Immediate and deep emissions reductions are required across all sectors – as well as widespread use of carbon removal technology – to limit warming to 1.5°C, according to a new Intergovernmental Panel on Climate Change (IPCC) report released today

The report found that limiting global warming will require major transitions in the energy sector, including a substantial reduction in fossil fuel use, widespread electrification, improved energy efficiency, and use of alternative fuels, such as hydrogen.

In the scenarios assessed, limiting warming to 1.5°C requires emissions of greenhouses gasses to peak by 2025 at the latest, with reductions of 43% by 2030. This would also need to be coupled with reductions in methane – a potent greenhouse gas – by around a third.

For global temperatures to stabilise, carbon dioxide emissions will need to reach net zero – and to limit warming to 1.5°C, net zero emissions will need to be met globally by the early 2050s.

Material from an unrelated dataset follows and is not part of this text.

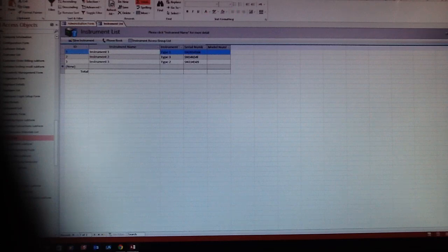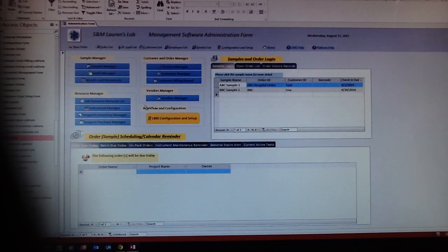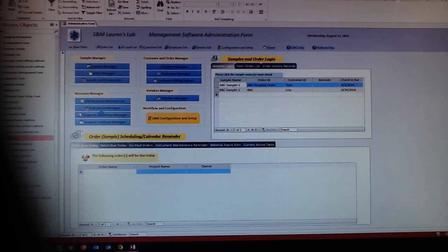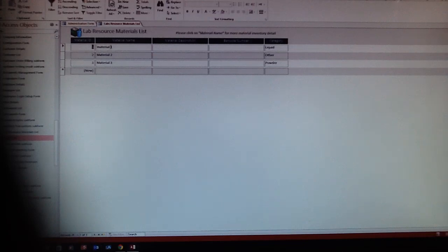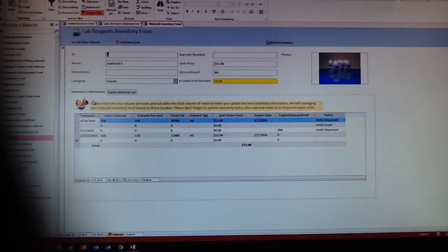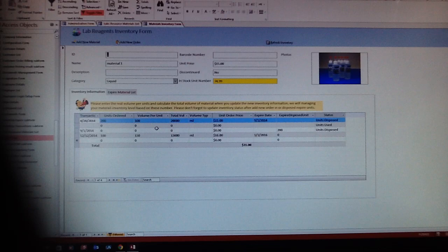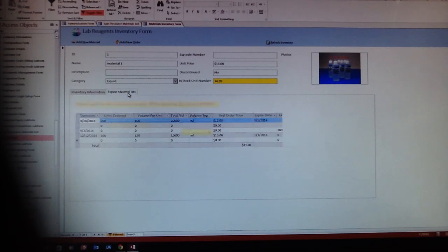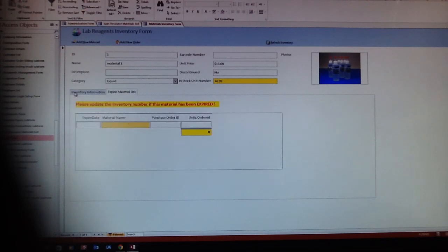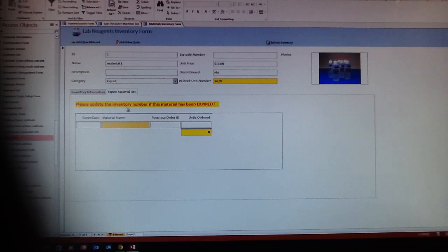Here is the inventory management. You put in material and they will tell you when you ordered it, how much you ordered, and they will put an expire list and tell you which one will be expired.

While the report contains stark warnings, the authors note that there is increasing evidence of climate action, with the rate of growth of annual greenhouse gas emissions slowing between 2010-2019. Other promising findings include sustained decreases of up to 85% in the cost of solar wind energy – as well as the introduction of policies and laws which have enhanced energy efficiency, reduced deforestation rates, and sped up the use of renewable energy.

Since 2010, there have been sustained decreases of up to 85% in the costs of solar and wind energy, and batteries. An increasing range of policies and laws have enhanced energy efficiency, reduced rates of deforestation and accelerated the deployment of renewable energy.

“We are at a crossroads. The decisions we make now can secure a liveable future. We have the tools and know-how required to limit warming,” said IPCC Chair Hoesung Lee.

“I am encouraged byclimate action being taken in many countries. There are policies, regulations and market instruments that are proving effective. If these are scaled up and applied more widely and equitably, they can support deep emissions reductions and stimulate innovation.”